Connection: 30lbs Fireline or beading wire
Hook: 4 Gamakatsu Octopus
Weight: Small lead free wire (optional)
Rear Egg: Chartreuse chenille
Body: Pink diamond braid secured by medium gold wire
Wing: Pink ostrich in a dubbing loop with flash tied on top
Hackle: Pink schlappan
Secure your base into the vise. Loop the hook onto the Fireline and lash the Fireline to the hook. I like to add some glue for extra security. At this point you can add a thin layer of weight to the front third of the base, leaving some room at the front. Once the glue has dried, tie in a ball of chenille at the rear. In front of the chenille, tie in the diamond braid and wire. Next, wrap the diamond braid up the base and tie off (still leaving room at the front). Secure the diamond braid with gold wire and tie off at the same point as the diamond braid. Then, form a dubbing loop. Wax the dubbing loop and add the ostrich (10 herls or so). Spin the dubbing loop and wrap. Try to sweep the ostrich back in between each wrap. After you've tied off the ostrich you can add a wing of flash. Make the flash as sparse or as heavy as you'd like. Following that, strip one side of the schlappan hackle. Tie in the hackle so the concave side is facing the rear. The goal with the schlappan is to have the fibers sweep back towards the rear when finished. Make two or three wraps of the hackle and tie off. You're done.

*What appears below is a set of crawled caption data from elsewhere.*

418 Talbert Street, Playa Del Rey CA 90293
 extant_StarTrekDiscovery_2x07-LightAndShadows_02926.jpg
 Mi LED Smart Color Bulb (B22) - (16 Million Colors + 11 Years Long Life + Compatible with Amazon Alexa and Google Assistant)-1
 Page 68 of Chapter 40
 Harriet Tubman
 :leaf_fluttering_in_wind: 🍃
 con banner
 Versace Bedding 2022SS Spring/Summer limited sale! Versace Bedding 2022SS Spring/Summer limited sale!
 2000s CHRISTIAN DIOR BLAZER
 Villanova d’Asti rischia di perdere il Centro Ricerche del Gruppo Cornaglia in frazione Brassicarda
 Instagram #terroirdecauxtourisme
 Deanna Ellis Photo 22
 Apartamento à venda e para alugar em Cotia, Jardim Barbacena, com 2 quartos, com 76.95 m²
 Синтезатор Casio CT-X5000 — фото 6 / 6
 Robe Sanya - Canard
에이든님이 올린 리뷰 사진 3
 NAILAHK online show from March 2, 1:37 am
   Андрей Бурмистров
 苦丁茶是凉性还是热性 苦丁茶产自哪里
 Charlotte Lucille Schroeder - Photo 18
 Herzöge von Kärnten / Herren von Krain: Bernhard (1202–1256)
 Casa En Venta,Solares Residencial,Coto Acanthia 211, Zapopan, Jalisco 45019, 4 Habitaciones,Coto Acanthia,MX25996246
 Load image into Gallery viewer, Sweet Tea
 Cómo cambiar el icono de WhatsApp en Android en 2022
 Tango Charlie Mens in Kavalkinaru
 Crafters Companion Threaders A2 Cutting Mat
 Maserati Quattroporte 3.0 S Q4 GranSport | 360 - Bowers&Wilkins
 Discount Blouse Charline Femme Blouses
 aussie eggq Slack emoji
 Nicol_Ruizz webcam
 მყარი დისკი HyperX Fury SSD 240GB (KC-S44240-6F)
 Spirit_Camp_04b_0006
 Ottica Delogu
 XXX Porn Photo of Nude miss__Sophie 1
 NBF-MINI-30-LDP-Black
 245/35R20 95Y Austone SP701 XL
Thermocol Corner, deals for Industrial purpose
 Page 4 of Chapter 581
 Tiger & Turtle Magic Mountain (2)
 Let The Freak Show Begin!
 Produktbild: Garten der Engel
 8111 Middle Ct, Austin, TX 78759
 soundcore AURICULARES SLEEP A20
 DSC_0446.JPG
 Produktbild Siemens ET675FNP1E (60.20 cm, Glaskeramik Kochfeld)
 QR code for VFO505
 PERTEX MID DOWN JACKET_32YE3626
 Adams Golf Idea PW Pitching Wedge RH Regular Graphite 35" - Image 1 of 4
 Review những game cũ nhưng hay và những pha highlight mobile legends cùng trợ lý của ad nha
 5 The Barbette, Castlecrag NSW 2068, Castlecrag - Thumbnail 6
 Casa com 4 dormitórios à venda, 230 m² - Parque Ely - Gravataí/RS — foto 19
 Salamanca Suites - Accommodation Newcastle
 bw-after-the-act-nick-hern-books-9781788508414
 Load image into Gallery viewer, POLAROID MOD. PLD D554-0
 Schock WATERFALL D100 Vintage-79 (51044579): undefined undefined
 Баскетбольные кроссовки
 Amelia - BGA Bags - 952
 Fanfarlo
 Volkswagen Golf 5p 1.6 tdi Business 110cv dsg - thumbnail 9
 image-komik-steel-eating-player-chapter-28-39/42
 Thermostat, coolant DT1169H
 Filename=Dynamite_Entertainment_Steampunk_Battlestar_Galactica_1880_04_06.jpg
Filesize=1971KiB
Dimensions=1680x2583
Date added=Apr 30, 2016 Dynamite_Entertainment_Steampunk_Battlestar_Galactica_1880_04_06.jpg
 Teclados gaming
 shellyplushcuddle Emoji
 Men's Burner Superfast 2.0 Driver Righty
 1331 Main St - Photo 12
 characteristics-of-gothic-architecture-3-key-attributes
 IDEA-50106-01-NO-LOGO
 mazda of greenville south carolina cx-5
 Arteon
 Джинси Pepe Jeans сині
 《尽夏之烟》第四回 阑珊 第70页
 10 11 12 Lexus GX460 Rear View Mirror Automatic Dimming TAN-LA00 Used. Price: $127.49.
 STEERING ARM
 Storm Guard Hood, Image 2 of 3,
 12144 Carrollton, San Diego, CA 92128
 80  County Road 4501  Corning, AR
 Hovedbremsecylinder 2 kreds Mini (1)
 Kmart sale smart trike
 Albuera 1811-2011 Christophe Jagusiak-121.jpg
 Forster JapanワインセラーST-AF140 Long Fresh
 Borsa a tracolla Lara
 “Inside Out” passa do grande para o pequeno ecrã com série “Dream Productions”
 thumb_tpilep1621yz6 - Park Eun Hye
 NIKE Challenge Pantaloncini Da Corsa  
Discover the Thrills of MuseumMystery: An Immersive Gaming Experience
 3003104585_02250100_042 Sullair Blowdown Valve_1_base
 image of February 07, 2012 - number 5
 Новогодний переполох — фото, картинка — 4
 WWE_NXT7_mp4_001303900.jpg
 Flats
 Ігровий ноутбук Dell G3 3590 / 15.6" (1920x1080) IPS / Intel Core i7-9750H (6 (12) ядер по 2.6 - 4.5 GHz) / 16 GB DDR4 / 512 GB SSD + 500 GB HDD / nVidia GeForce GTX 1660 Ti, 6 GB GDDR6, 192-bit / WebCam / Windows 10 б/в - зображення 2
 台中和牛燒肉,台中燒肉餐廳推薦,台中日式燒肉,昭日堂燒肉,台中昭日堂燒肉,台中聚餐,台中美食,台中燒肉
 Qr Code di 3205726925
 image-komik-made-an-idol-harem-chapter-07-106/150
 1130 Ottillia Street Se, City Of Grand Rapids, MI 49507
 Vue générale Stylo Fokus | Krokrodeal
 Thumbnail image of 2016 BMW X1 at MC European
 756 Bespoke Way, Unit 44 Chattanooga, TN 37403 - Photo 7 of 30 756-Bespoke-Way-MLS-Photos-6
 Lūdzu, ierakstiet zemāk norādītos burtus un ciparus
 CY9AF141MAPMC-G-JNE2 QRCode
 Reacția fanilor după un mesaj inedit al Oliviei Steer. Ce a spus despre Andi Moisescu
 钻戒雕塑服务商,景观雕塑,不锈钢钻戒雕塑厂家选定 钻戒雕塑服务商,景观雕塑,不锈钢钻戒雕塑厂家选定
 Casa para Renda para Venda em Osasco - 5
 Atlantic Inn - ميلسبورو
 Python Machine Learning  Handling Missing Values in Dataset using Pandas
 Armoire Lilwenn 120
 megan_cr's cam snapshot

This fly is my first attempt at a fly called a Fish Taco. The fly was originated by Jeff Hickman for west coast steelhead in clear water situations. The Fish Taco has a slimmer profile but plenty of movement and is easy to cast.
I've read pink with gold and chartreuse flash or gold and blue/green flash work well on bright, cold days in the winter when you need to coax fish into action. I have to be honest, I haven't caught a fish on this pattern but I haven't fished the fly very much and, frankly, I'm still trying to figure out the basics of the swing game. I think it will be a producer. If you tie one up and get a fish on it let me know. Also, if you come up some adaptations that tailor this fly for our Midwest streams I'd enjoy hearing about those as well.
I really enjoy tying this pattern. You can make it as simple or as complex as you want. Additionally, with today's diverse selection of materials and colors you can experiment with the pattern to meet your needs. I'm heading up to Michigan this coming weekend to swing some flies. You can bet this fly will get some playing time. Tight lines.